**TASK BRIEF**
Drop every picture and copy exactly the lines from the one with "Rolla Coaster Burgundy Textured shurg" through the last line of the listing below.

**THE INPUT**
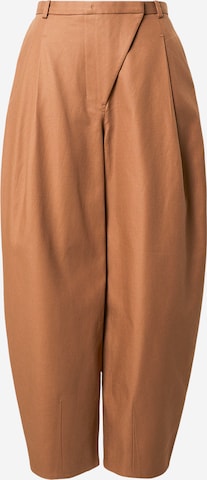 ruda & Other Stories Plačios klešnės Klostuotos kelnės: priekis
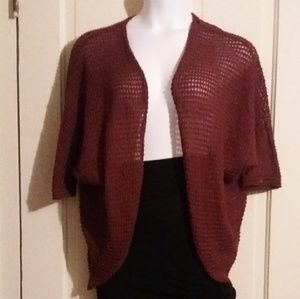 Rolla Coaster Burgundy Textured shurg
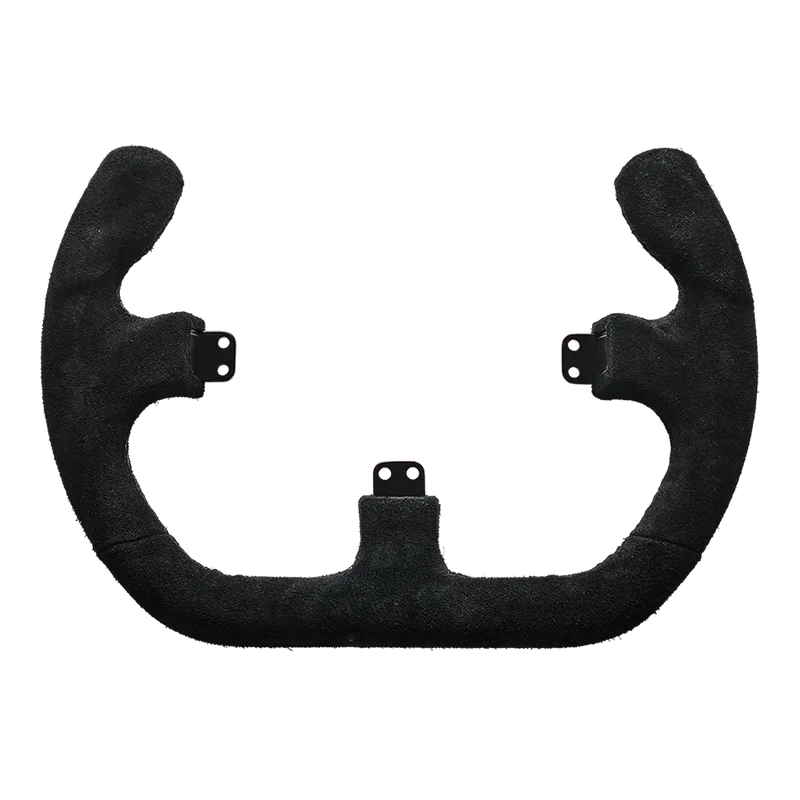 Asetek SimSports Open D Suede Rim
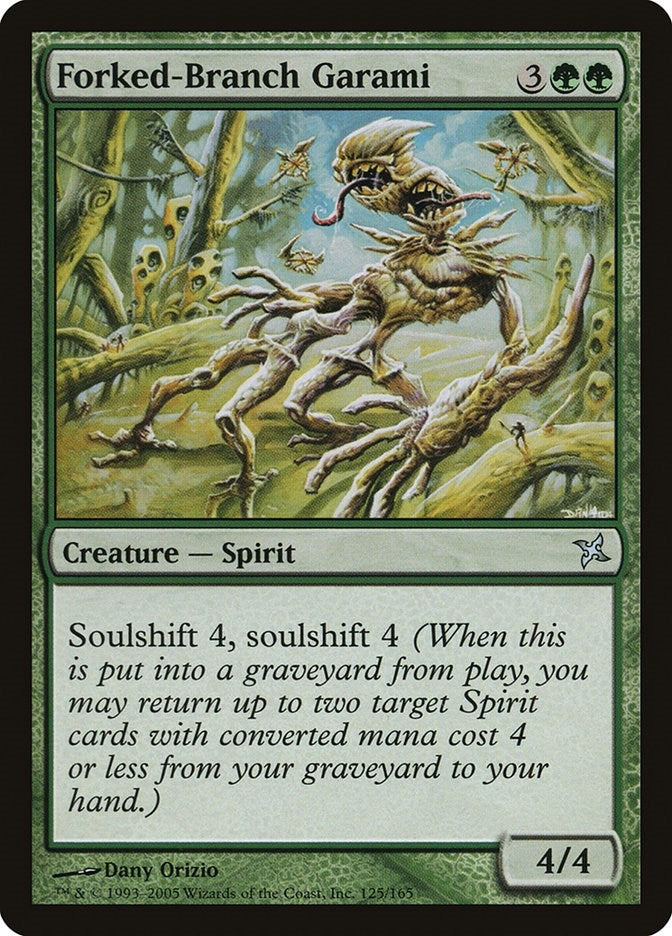 Image for Forked-Branch Garami (125) [Betrayers of Kamigawa]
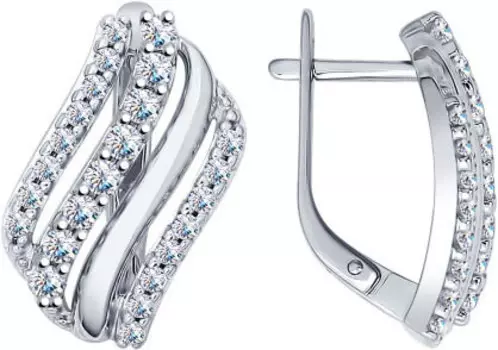 Серьги SOKOLOV 94022098_s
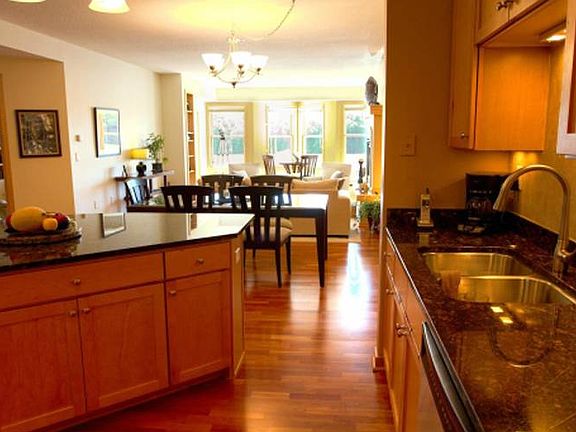 Kitchen with Granite Tops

**ANSWER**
 Rolla Coaster Burgundy Textured shurg
 Asetek SimSports Open D Suede Rim
 Image for Forked-Branch Garami (125) [Betrayers of Kamigawa]
 Серьги SOKOLOV 94022098_s
 Kitchen with Granite Tops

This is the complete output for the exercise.